Asda follows Sainsbury’s and Ocado as it invests £23m in reducing prices
- Britain’s third biggest grocer said it was investing £23m in lowering prices
- Chicken breasts and fish fingers are among items being reduced in price
- Sainsbury’s and Ocado Retail also announced price cuts on Wednesday
Asda has become the third British supermarket giant this week to announce price cuts to help consumers struggling with the cost-of-living crisis.
Britain’s third biggest grocer by sales said it was investing £23million in lowering prices on 425 branded and own-label products, by an average of 11 per cent.

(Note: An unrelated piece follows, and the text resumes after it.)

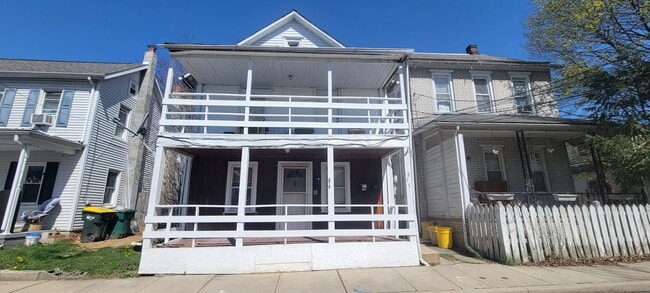 Building Photo - 217 Pen Argyl St Unit 217-4 Pen Argyl St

Among the items that customers will be able to buy more cheaply include chicken breasts, fish fingers, cheddar cheese, strawberry yoghurts and Hellman’s Real Squeezy Mayonnaise.
Discounts: Asda is investing £23million cutting prices on 425 branded and own-label products
The company said the measure was prompted by its latest Income Tracker report, which showed average discretionary incomes remained below pre-pandemic levels despite falling inflation.

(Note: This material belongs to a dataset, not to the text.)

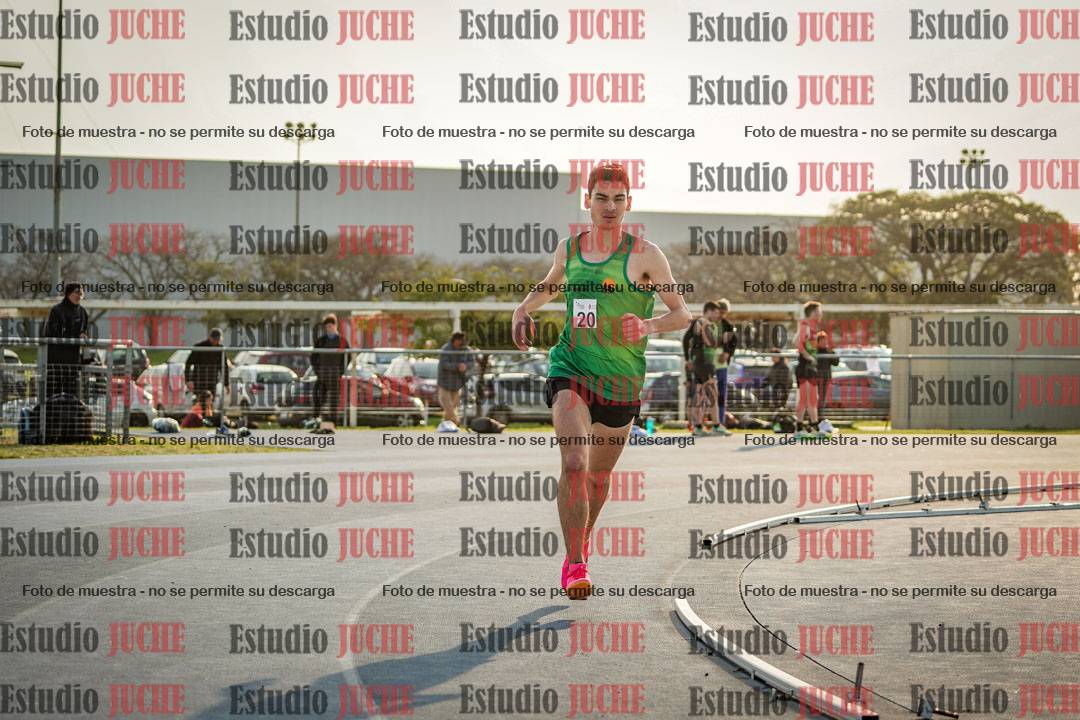 Fotos de los 3000 m llanos de varones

It comes a month after the group made price reductions on more than 200 popular goods at a cost of £13million, and two months on from the imposition of summer price freezes on more than 500 items.

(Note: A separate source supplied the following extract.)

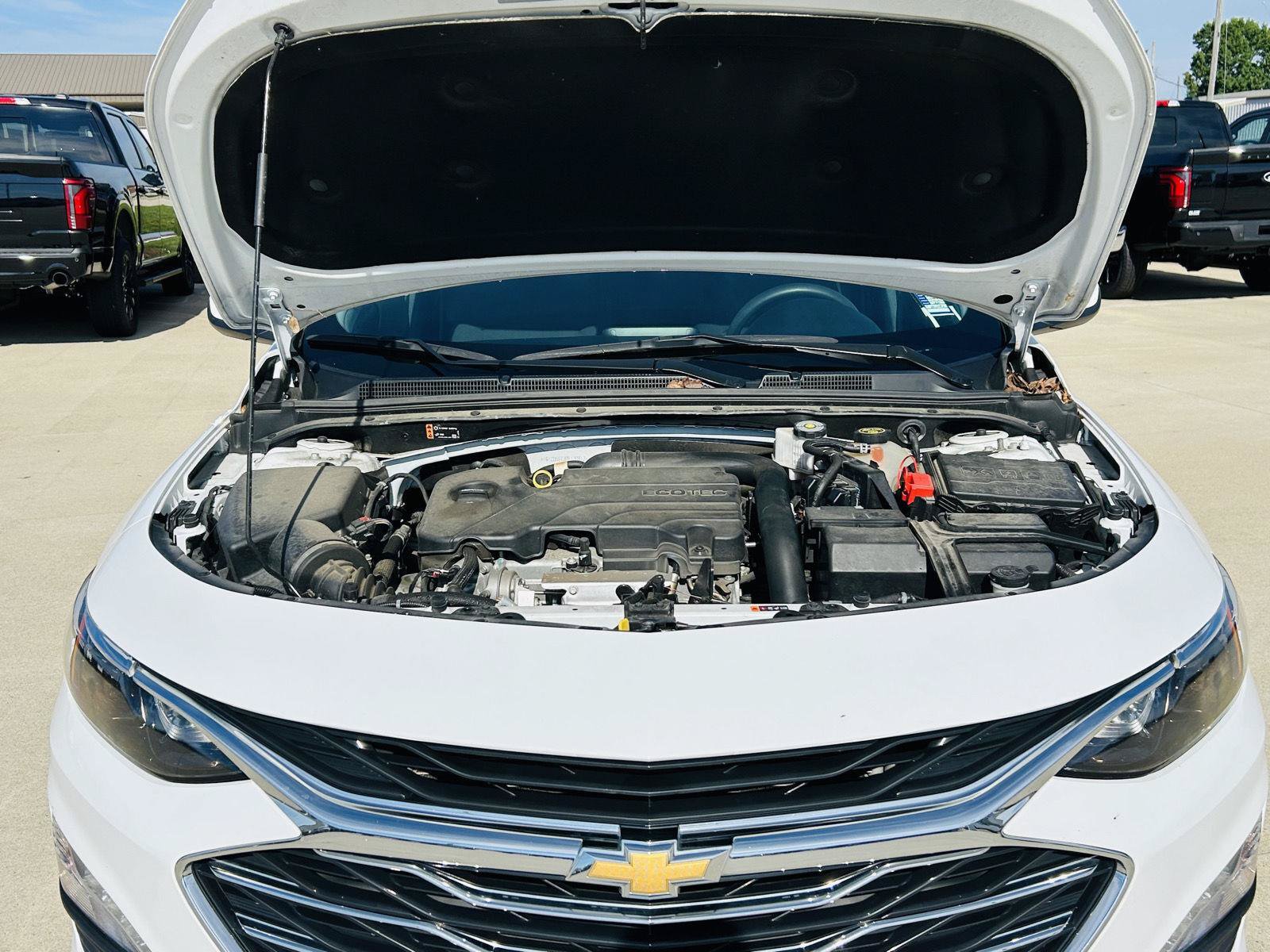 Used 2024 Chevrolet Malibu LT FWD image 39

Sainsbury’s and Ocado Retail also announced price cuts on Wednesday in response to widespread inflationary pressures, with the former adding 40 products to its Aldi Price Match campaign.
UK food price inflation stood at 14.9 per cent in July, lower than the 19.2 per cent peak recorded in March but still representing a significant burden on households’ weekly shopping bills.
Food costs have soared largely because of poor harvests in Europe and North Africa and energy prices skyrocketing amid the relaxation of Covid-related restrictions and the Ukraine war’s escalation.
For Britons, grocery bills have also been pushed up by new customs checks on food imports introduced after the UK left the European Union.
Pressures: UK food price inflation stood at 14.9 per cent in July, lower than the record 19.2 per cent posted in March but still representing a significant burden on household bills
Alongside growing food and drink costs, many people are also dealing with higher mortgage expenses as fixed-rate deals agreed during the Covid-19 pandemic expire.
Home borrowing costs have gone up heavily due to the Bank of England’s 14 straight base rate hikes, which, on the flip side, has caused the UK inflation rate to fall to 6.8 per cent in July, according to the Office for National Statistics.
Kris Comerford, chief commercial officer at Asda, said: ‘While the headline inflation rate may have eased slightly last month, our own data tells us that many customers are continuing to struggle with rising living costs.
‘We have targeted this latest price investment on the products that our customers buy week-in and week-out, to help their shopping budgets stretch further.’
Many analysts expect inflation to continue moderating this year as the effects of the BoE’s rate increases fully feed through to the broader economy.
On Wednesday, data from S&P Global’s latest monthly Purchasing Managers’ Index showed that UK business activity shrank in August following declines in both the manufacturing and service sectors.